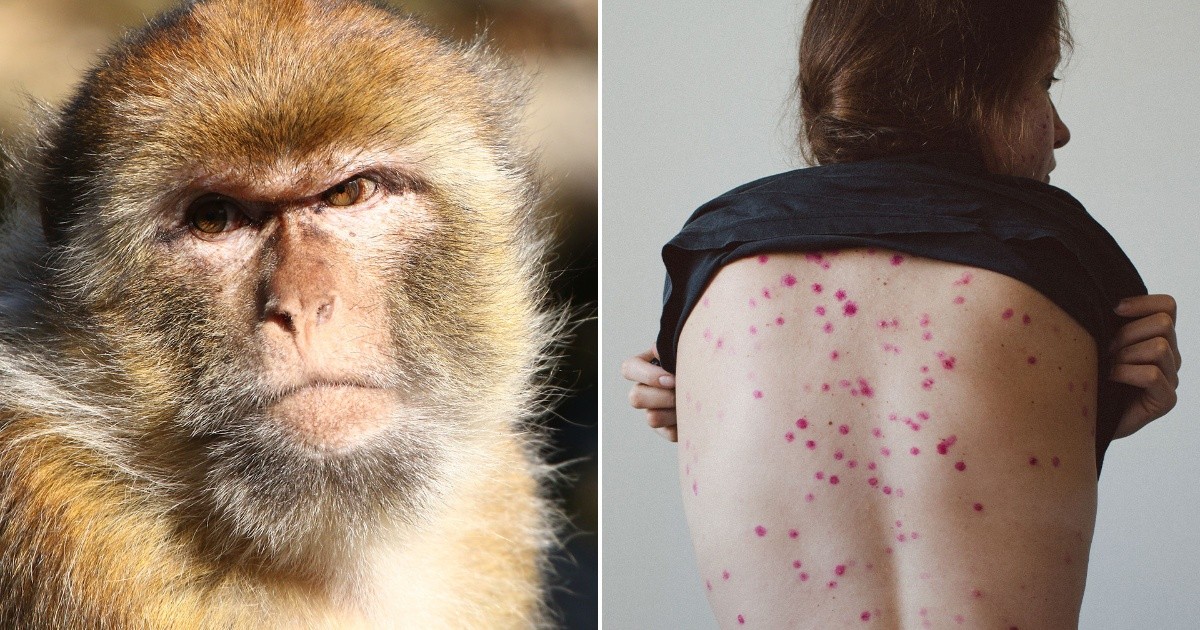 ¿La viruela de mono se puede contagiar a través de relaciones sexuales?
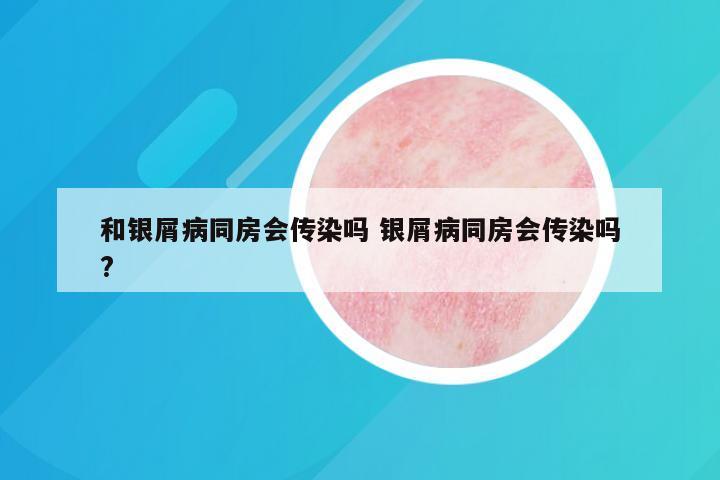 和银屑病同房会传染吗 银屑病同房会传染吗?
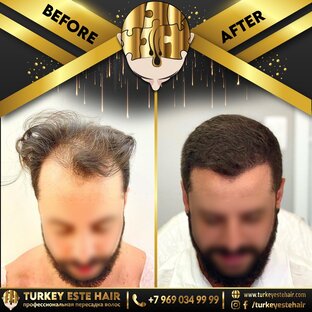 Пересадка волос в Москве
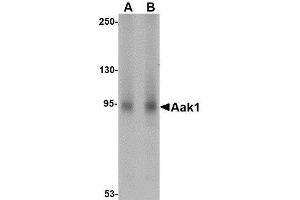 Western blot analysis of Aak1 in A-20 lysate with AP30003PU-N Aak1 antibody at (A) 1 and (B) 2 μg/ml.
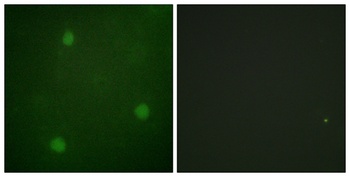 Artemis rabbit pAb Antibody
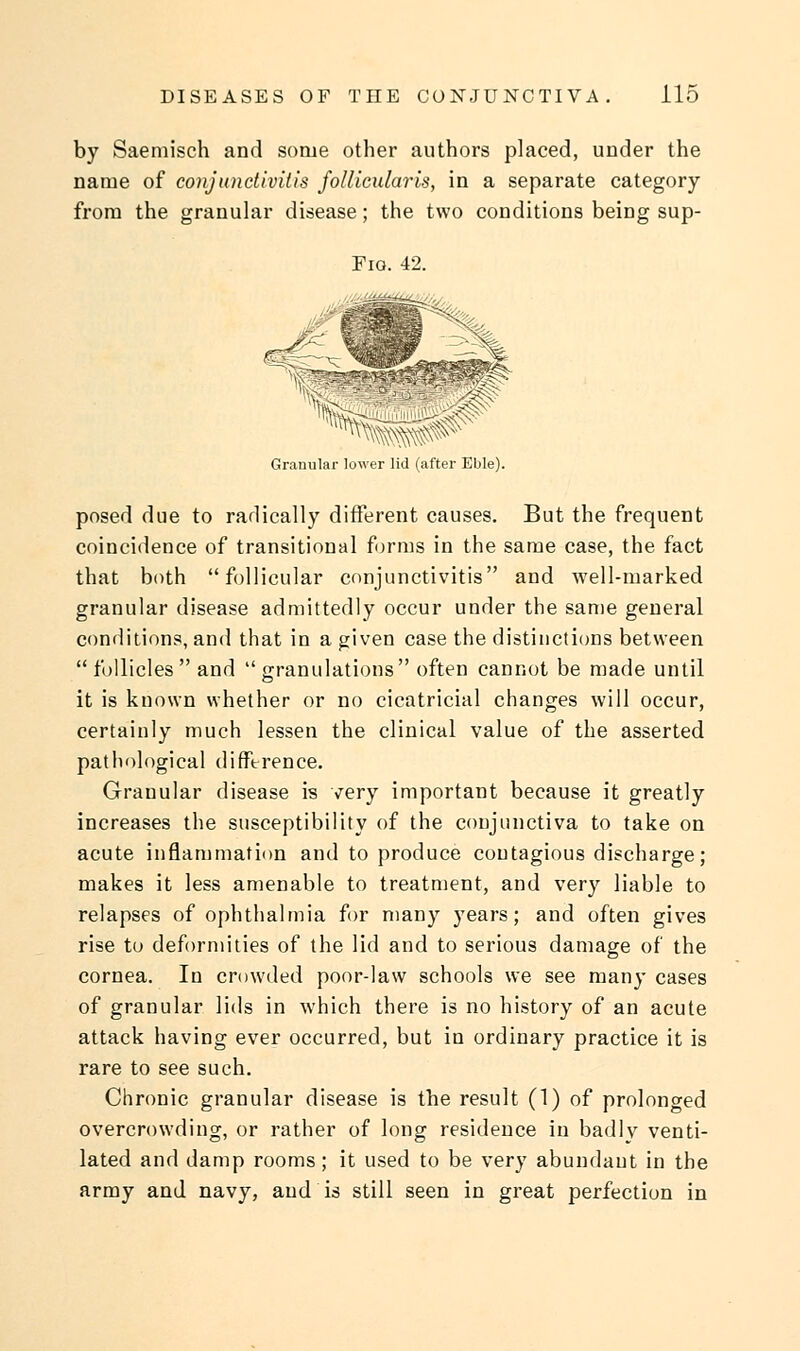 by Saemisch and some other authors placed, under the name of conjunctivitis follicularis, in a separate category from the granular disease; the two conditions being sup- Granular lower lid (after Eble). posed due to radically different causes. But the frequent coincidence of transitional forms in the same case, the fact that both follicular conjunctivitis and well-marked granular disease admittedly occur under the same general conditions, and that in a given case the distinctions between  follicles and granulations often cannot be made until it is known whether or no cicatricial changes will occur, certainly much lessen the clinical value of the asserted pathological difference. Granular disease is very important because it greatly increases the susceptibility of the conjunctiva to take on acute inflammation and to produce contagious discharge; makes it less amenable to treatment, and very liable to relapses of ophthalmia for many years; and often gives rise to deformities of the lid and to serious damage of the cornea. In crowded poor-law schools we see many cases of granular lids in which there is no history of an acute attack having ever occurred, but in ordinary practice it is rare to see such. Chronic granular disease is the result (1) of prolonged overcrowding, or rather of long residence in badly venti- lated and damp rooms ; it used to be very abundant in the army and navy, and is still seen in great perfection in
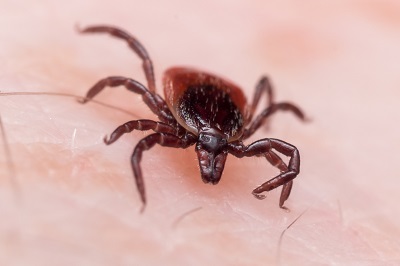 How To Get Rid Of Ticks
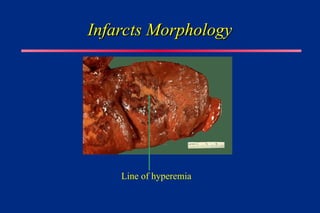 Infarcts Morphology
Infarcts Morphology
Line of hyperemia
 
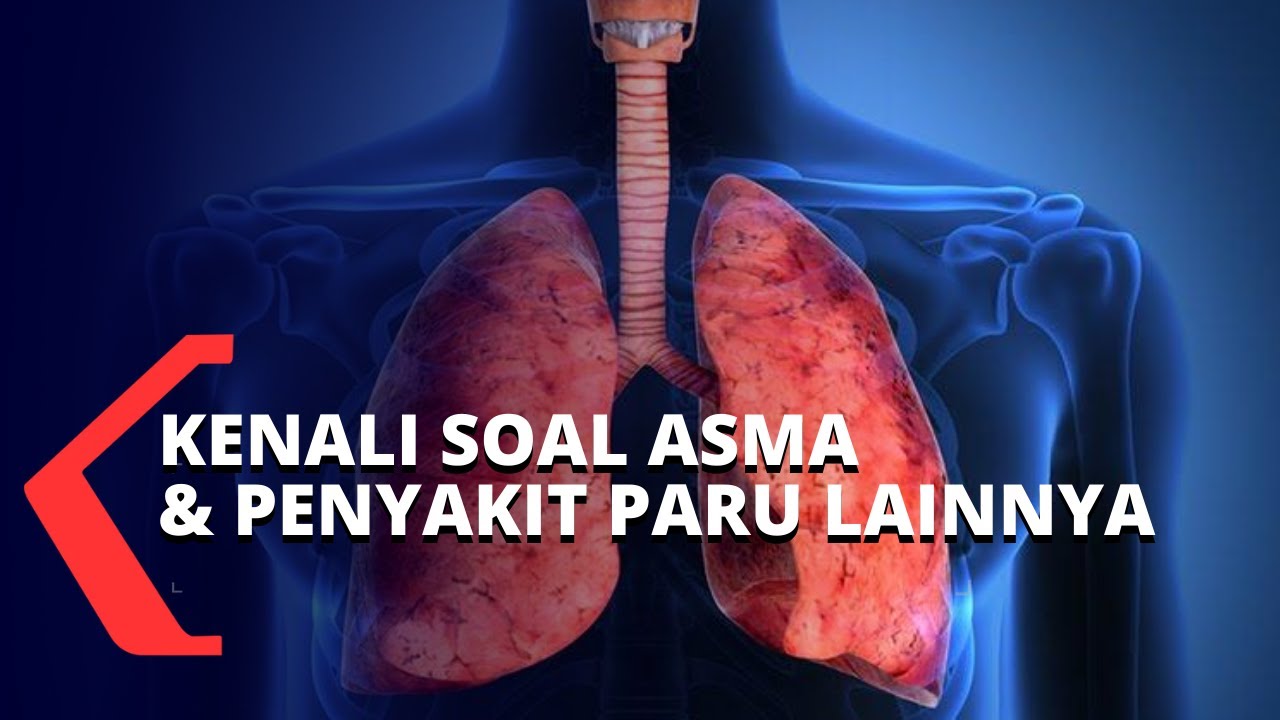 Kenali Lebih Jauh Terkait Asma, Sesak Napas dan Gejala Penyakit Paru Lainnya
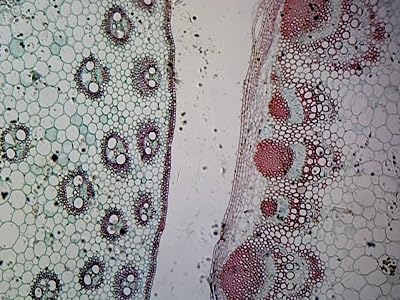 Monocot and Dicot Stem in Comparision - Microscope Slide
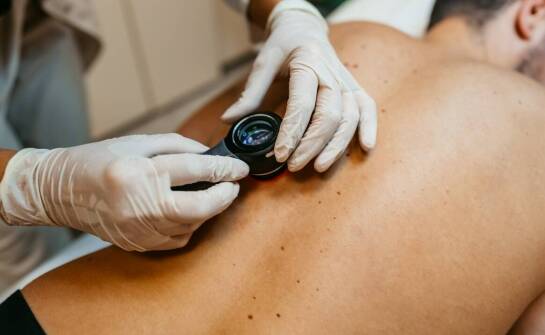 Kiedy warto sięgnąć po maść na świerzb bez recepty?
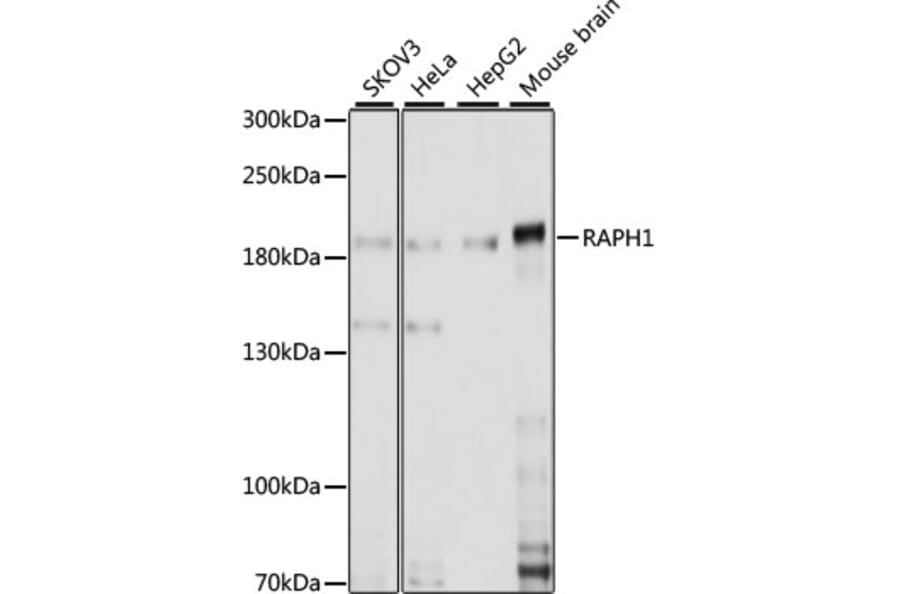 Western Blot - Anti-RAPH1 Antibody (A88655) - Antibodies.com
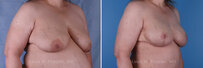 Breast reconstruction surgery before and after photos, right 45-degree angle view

· · ·

## Work item
Restate word for word every line from the top of the entries above to the line with "Artemis rabbit pAb Antibody", inclusive, and skip any pictures.

## The answer
 ¿La viruela de mono se puede contagiar a través de relaciones sexuales?
 和银屑病同房会传染吗 银屑病同房会传染吗?
 Пересадка волос в Москве
 Western blot analysis of Aak1 in A-20 lysate with AP30003PU-N Aak1 antibody at (A) 1 and (B) 2 μg/ml.
 Artemis rabbit pAb Antibody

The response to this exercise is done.